Con il 90% dei prodotti di cyber security impiegato dalla Pubblica Amministrazione e dalle aziende nazionali acquisito da fornitori esteri non attiriamo i talenti nostrani
Se con la legge di istituzione del Perimetro nazionale di sicurezza cibernetica si era posto uno specifico e quasi esclusivo focus sul tema della tecnologia quale punto di partenza per affrontare la cyber security in Italia, con il D.L. di istituzione dell’Agenzia si bilancia quella visione iniziando a porre, in parallelo al tema tecnologico, anche quello del fattore umano. I due aspetti devono però camminare all’unisono.
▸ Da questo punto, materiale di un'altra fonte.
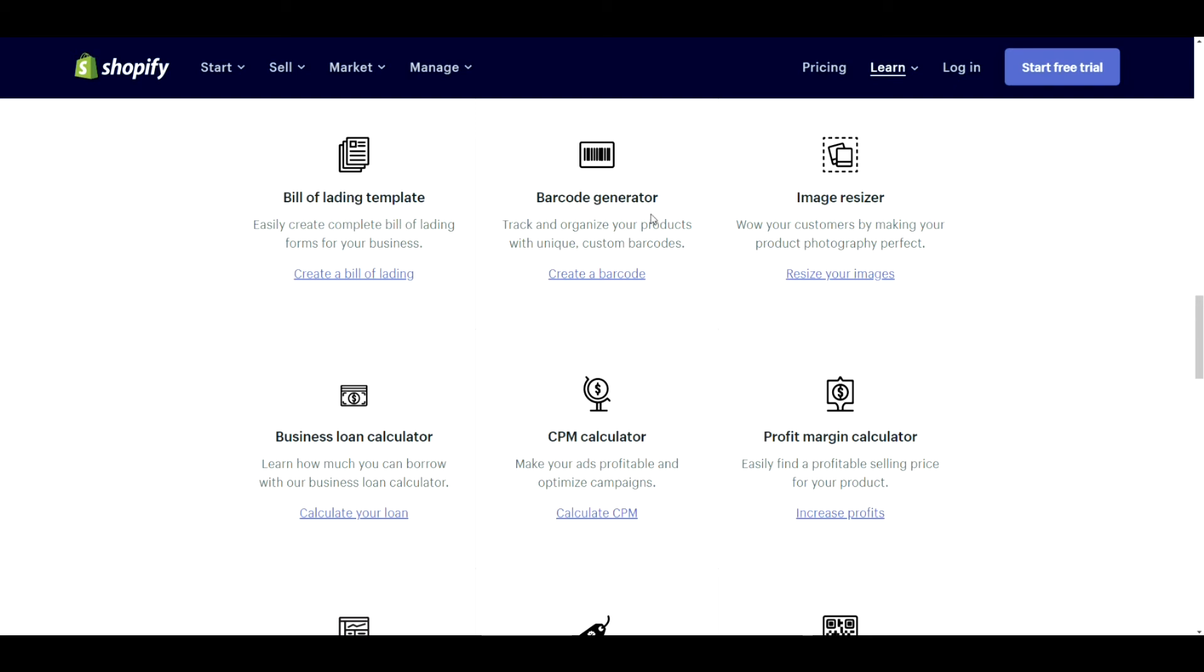Barcode generator. This is more for brick and mortar. If you really want to, you can put it on your online store. It's not going to really make a difference unless you really need it.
Fintanto che il 90% dei prodotti di cyber security impiegato dalla Pubblica Amministrazione e dalle aziende nazionali è acquisito da fornitori esteri, la nostra industria non avrà quella capacità di attrarre i talenti nostrani (che quindi tenderanno ad andare all’estero) ed inoltre la nostra conoscenza, come sistema Paese, dei meccanismi della cyber security sarà sempre limitata e di “seconda mano”.
In Italia abbiamo un settore della ricerca ed alcune eccellenze che se messe a sistema possono iniziare a creare una massa adeguata di competenze
Ciononostante abbiamo un settore della ricerca ed alcune eccellenze che se messe a sistema possono iniziare a creare una massa adeguata di competenze, esigenze ed opportunità tali da divenire un volano per l’intero settore. Da questo punto di vista è fondamentale, come per altro previsto dalla lettera 4) dell’art. 7 del D.L., il ruolo dell’Agenzia che deve diventare elemento di aggregazione dei diversi soggetti non tanto per la creazione di ulteriori sovrastrutture organizzative, quanto piuttosto affinché crei un humus fertile che consenta un osmotico scambio di idee, iniziative ed attività.